Sta proprio nella parola magica “digitalizzazione” l’origine e il senso delle domande che si pongono le imprese in questa fase di evoluzione del mercato e delle tecnologie. Il “nuovo” - quale esso sia, a seconda del settore in cui l’azienda opera - appare come l’unico elemento in grado di aumentare la produttività, incrementare l’efficienza interna e migliorare la gestione dei costi. Sull’altro piatto della bilancia resta il “vecchio” - e nuovamente questa definizione è molto vaga - che sembra essere diventato un’inutile zavorra per lo sviluppo dell’azienda utente.
Il pragmatismo ci porta rapidamente a concludere che una contrapposizione così netta sia più teorica che pratica. Altrimenti nessuna infrastruttura IT d’azienda sopravvivrebbe alle ondate di rinnovamento che periodicamente, e sempre più frequentemente, la investono. In realtà, il criterio principale chiamato a guidare la scelta tra cambiare gestionale o modernizzare i sistemi in uso dovrebbe essere uno soltanto: favorire la crescita potenziando i punti forti che le soluzioni già hanno, eliminando i loro punti deboli.
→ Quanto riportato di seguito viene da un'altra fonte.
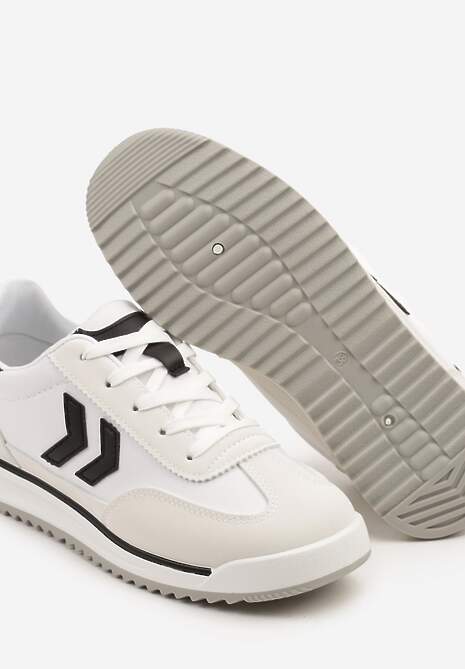 Białe Sneakersy ze Wzorem Strzałek Faltewia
Bisogna cioè partire da un’attenta analisi di ciò che l’azienda di volta in volta chiede ai suoi sistemi IT: capire se queste richieste possono essere soddisfatte, intervenendo sull’esistente in maniera semplice, o se invece siano necessari interventi più complessi e persino - ma quando è davvero necessario, non semplicemente sulla spinta delle mode tecnologiche - la sostituzione di alcuni elementi hardware o software dell’infrastruttura.
Il top management e il CIO (o il responsabile dei sistemi informativi) dovrebbero quindi interrogarsi sugli obiettivi che ciascuna funzione aziendale è interessata a perseguire, per poi verificare se e quanto il sistema in uso offra le funzioni necessarie. È in questa fase di analisi del problema modernizzazione che spesso ci si rende conto di come non sia tutt’oro quello che luccica. Nella gran parte delle imprese più che di “vecchio” bisognerebbe parlare di “storico”, perché i sistemi si sono adattati nel tempo al modo di lavorare dell’azienda e lo rispecchiano. Il “nuovo” non ha questa caratteristica e potrebbe imporre l’esatto opposto, cioè che sia l’azienda ad adattarsi al suo modo di intendere i processi e anche l’operatività di tutti i giorni.
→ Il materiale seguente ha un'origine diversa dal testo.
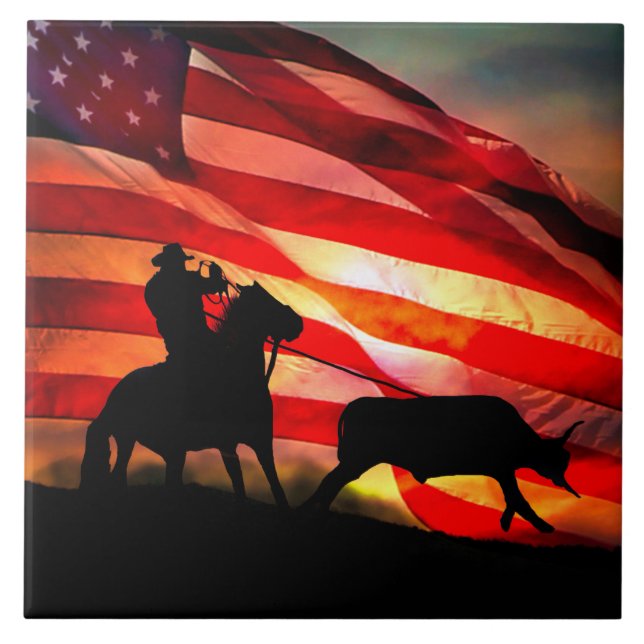 Azulejo De Cerâmica American Cowboy Steer Roping (Frente)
Guardando all’evoluzione tecnologico-applicativa, da questo punto di vista, si vede come la sostituzione dei sistemi abbia un costo implicito in termini di sviluppo, personalizzazioni, competenze e conoscenze che si sono accumulate negli anni e che vanno ora persi. Non è un costo in assoluto ingestibile, e può anche essere giustificato, ma va evidenziato e considerato come qualsiasi altro, raffrontandolo ai benefici portati da un’eventuale nuova soluzione.
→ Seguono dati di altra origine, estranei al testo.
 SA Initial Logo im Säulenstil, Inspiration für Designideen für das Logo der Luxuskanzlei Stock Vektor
Tali benefici, peraltro, non sono necessariamente preclusi ad ambienti operativi “collaudati” e anche di questo bisogna tenere conto nella valutazione delle possibili alternative. È sicuramente vero che elementi come l’utilizzo multipiattaforma, la “mobilizzazione” delle applicazioni e il cloud siano evoluzioni che stanno modificando le regole del gioco nella fruizione dei sistemi aziendali. Ma non è altrettanto vero che queste evoluzioni siano impossibili da seguire per le piattaforme meno che recenti. Se molte imprese lo pensano è perché non sempre si ha una visione precisa di cosa permettano le tecnologie e le soluzioni per la modernizzazione dei sistemi. Oggi anche quelli più tradizionali possono essere “aperti” e diventare capaci di generare flussi di informazioni da condividere velocemente con tutti gli interlocutori interni ed esterni all’azienda, in una logica sempre più critica di supply chain estesa. Danno nuovo valore a tutti gli investimenti profusi nel tempo.